4. The method of biomedical named entity recognition of claim 3, wherein the multi-level attention-embedding vector computation comprises: and performing character-based global attention calculation, wherein the character-based global attention calculation is used for performing context information exploration on the character of the sentence by using the Bi-GRU for the modeled character embedding matrix, then performing attention calculation, and finally performing sampling by using a maximum pooling layer to form corresponding word embedding.

5. The method for biomedical named entity recognition of claim 2, wherein the multi-tiered attention embedding vector computation further comprises: word-based local attention calculations, which perform attention distribution calculations on word insertions, extract attention distributions among word insertions.

6. The method of biomedical named entity recognition according to claim 4 or 5, characterized in that before computing the attention distribution, context information is extracted by context exploration for word embedding inside the sentence.

7. The method of claim 1, further comprising labeling and partitioning the biomedical named entities with conditional random fields before the feature sampling for characters and words, respectively, with attention mechanism, resulting in word-embedded extensions.

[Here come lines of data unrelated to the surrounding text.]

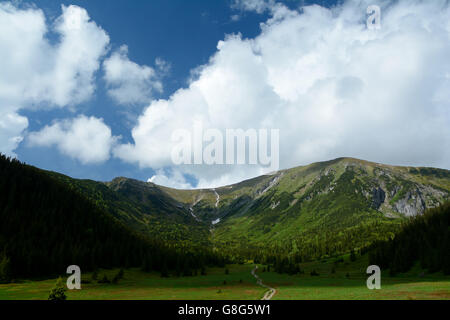 Kondracka Kopa Peak, Pass und Wolken im Tatra-Gebirge in der Nähe von Zakopane in Polen Stockfoto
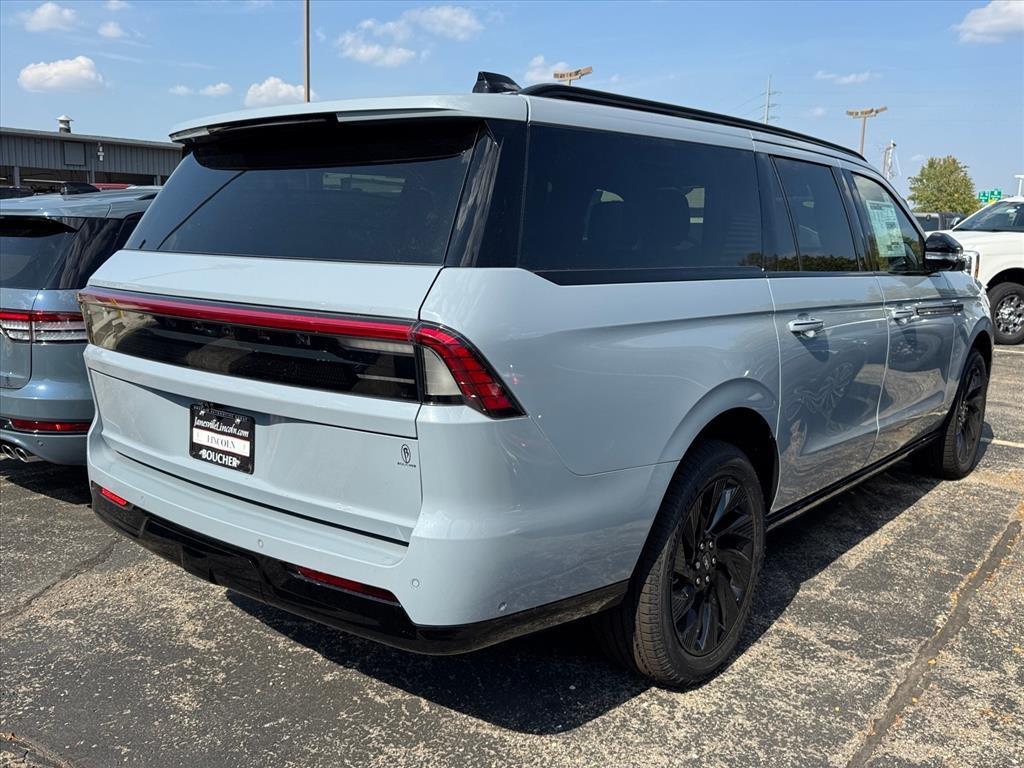 new 2025 Lincoln Navigator car, priced at $107,800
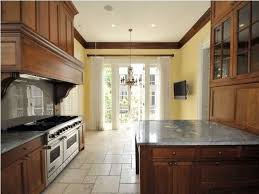 27 Lamboll St Charleston Sc 29401 2314 Charleston Real Estate Charleston Homes Antebellum Homes Gorgeous Kitchens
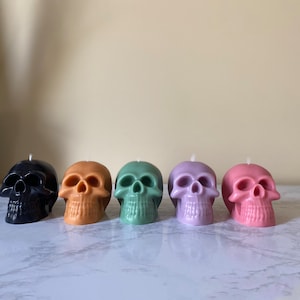 Skull Candle / Skeleton Candle / Skeleton Head / Halloween Candle/ Halloween Decor / Spooky Candle /Candle Gift / Home Decor/ Halloween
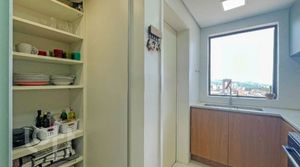 Image 13 - 884865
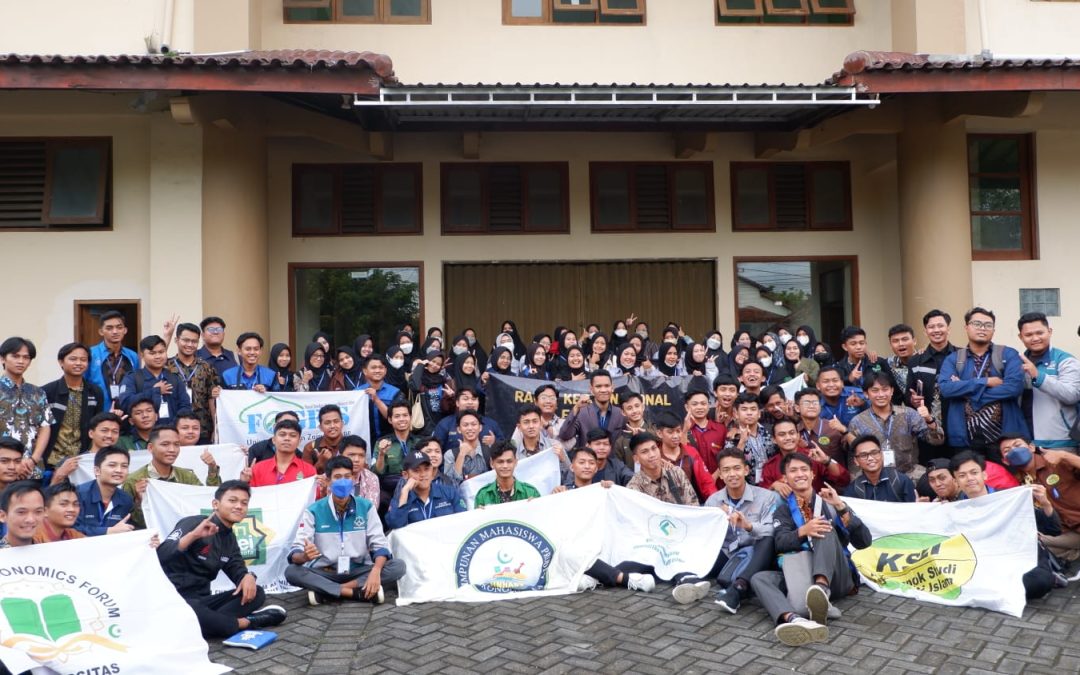UKM EKSIS STAI Asy-Syukriyyah Ikuti Rakernas & Seminar Nasional FoSSEI di Yogyakarta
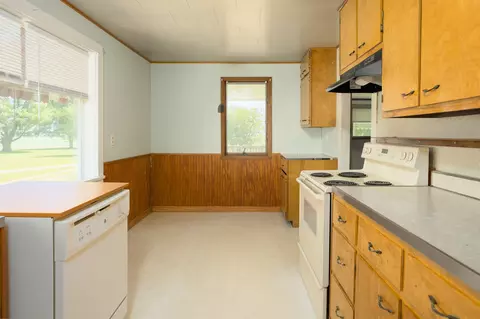 Kitchen - 670 E 2300 North Rd, Danforth, IL 60930 photo 3 of 3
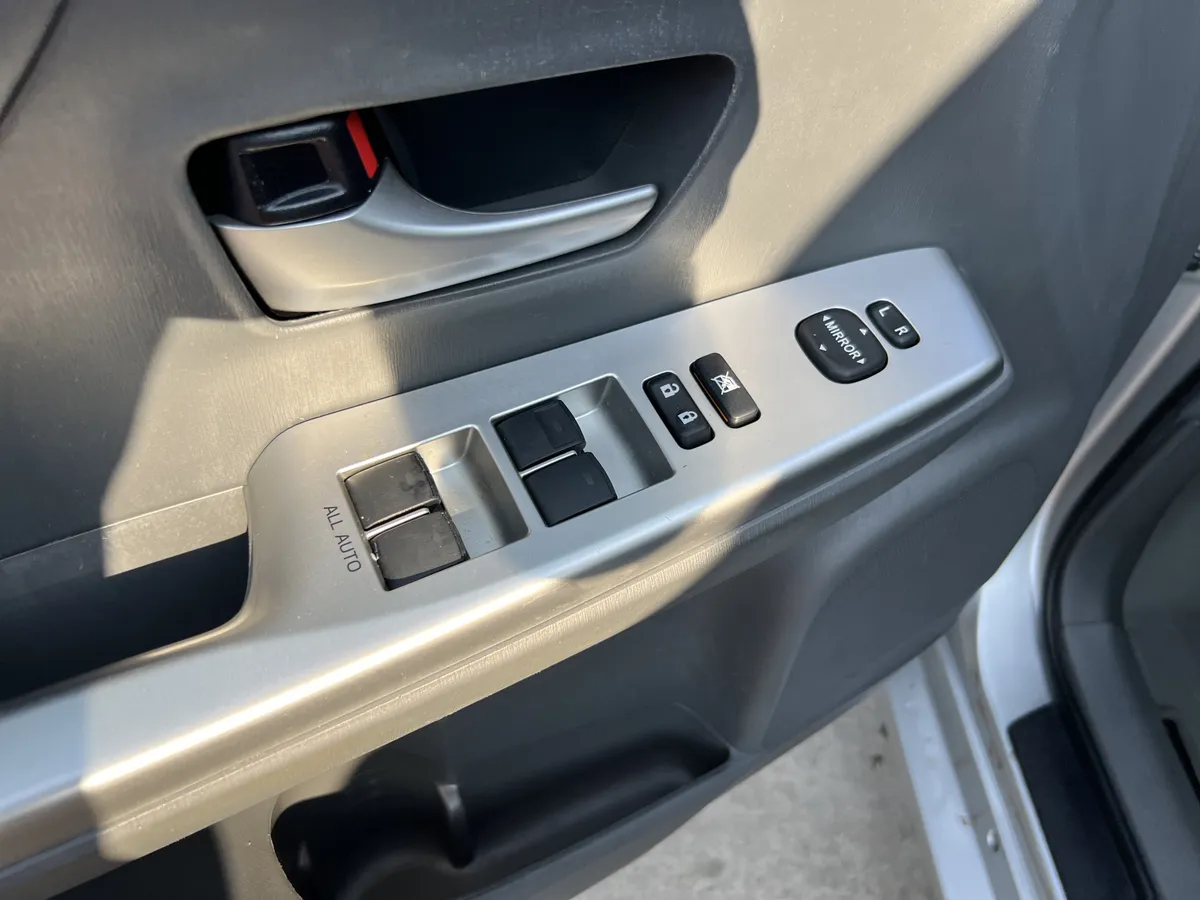 2013 Toyota Prius v Five thumbnail 16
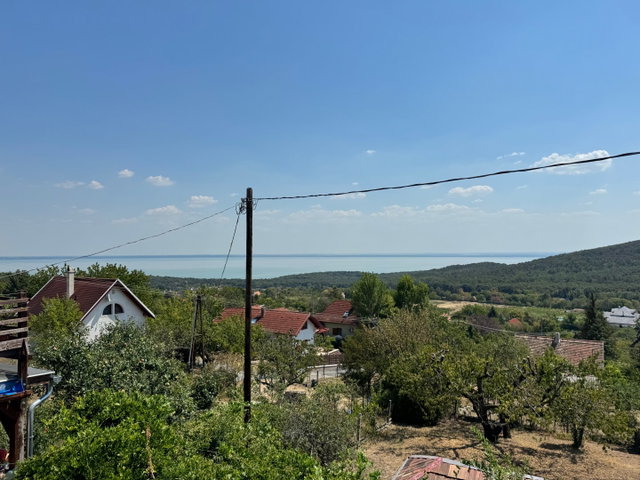 Eladó nyaraló, Felsőörsön 49.5 M Ft, 2 szobás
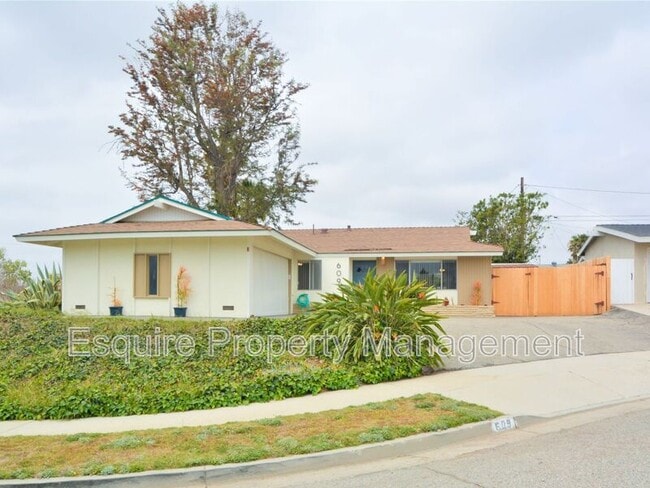 Building Photo - 609 Marsh Rondo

8. A system for biomedical named entity recognition, comprising:

a word embedding module configured to: performing feature sampling on characters and words by using an attention mechanism to respectively obtain word embedding expansion, and then extracting word embedding by using a maximum pooling layer;

a feature fusion module configured to: adopting an attention mechanism to embed words of different levels for fusion to obtain word embedding of multiple levels;

a model training module configured to: embedding the multi-level words into an input named entity recognition neural network model for training to obtain a trained named entity recognition neural network model;

an output module configured to: inputting the biomedical named entity to be identified into the trained named entity identification neural network model to obtain an entity identification result;

the method for respectively obtaining word embedding expansion by carrying out feature sampling on characters and words by using an attention mechanism comprises the following steps: adopting multilevel attention embedding vector calculation to respectively conduct attention exploration in local characters, global characters and local words, and extracting word embedding information at different levels; a multi-level attention insertion vector calculation comprising: a character-based local attention calculation, a character-based global attention calculation, and a word-based local attention calculation;

the method for embedding words of different levels by adopting an attention mechanism to be fused to obtain word embedding of multiple levels comprises the following steps: and weighting the attention of two different levels into corresponding embedded information by adopting cross attention fusion for fusion to obtain multi-level word embedding.

9. A computer-readable storage medium storing computer instructions which, when executed by a processor, perform a method for biomedical named entity recognition according to any one of claims 1 to 7.